Harry Redknapp’s men took three points at the 17th attempt thanks to two goals from Adel Taarabt that gave them an advantage Fulham could not surmount despite a fight-back.

The victory took them off the foot of the table, above Reading, who host Arsenal tomorrow, and made Redknapp’s first meeting with Tony Fernandes, the owner, after the match, a positive one. “It keeps us in there,” Redknapp said. “If we hadn’t won today it would have been absolutely desperate.

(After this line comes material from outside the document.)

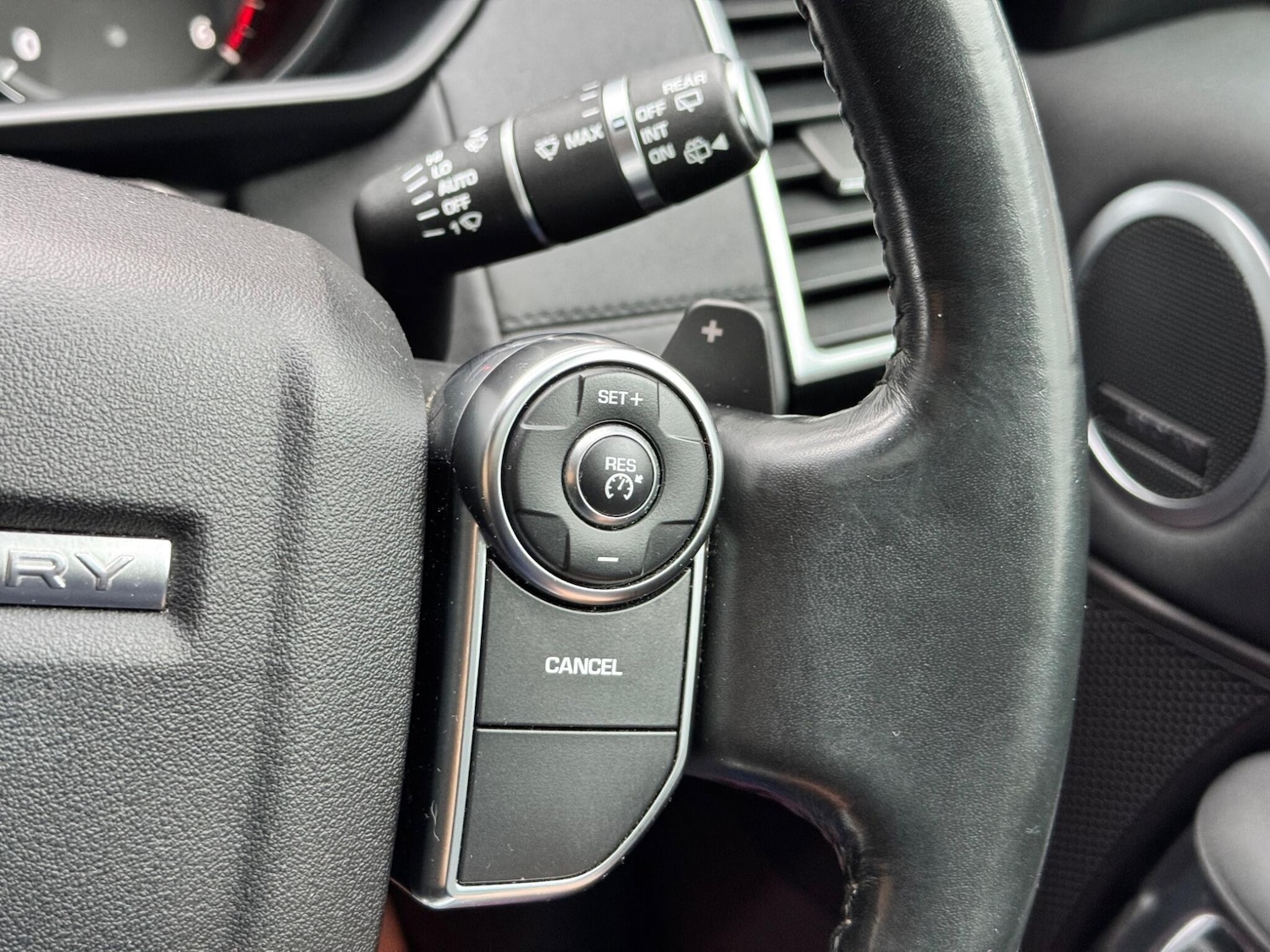 Used Land Rover Discovery 2017 for sale - 76377517: Photo 62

“We’re not kidding ourselves – we’ve had one win. But we’re on a good run, we’ve had four games [since Redknapp took over] and taken six points. If we can take six points out of every four games, you’ll stay up. The people here deserve it because they are nice people.”

Redknapp had called for blood, sweat and tears from his underachieving players, and they certainly delivered the sweat. They ran hard from the first blast of the referee’s whistle, none harder than Taarabt, who deserved the luck that brought him the breakthrough goal, when his shot was deflected in by Brede Hangeland, the Fulham defender.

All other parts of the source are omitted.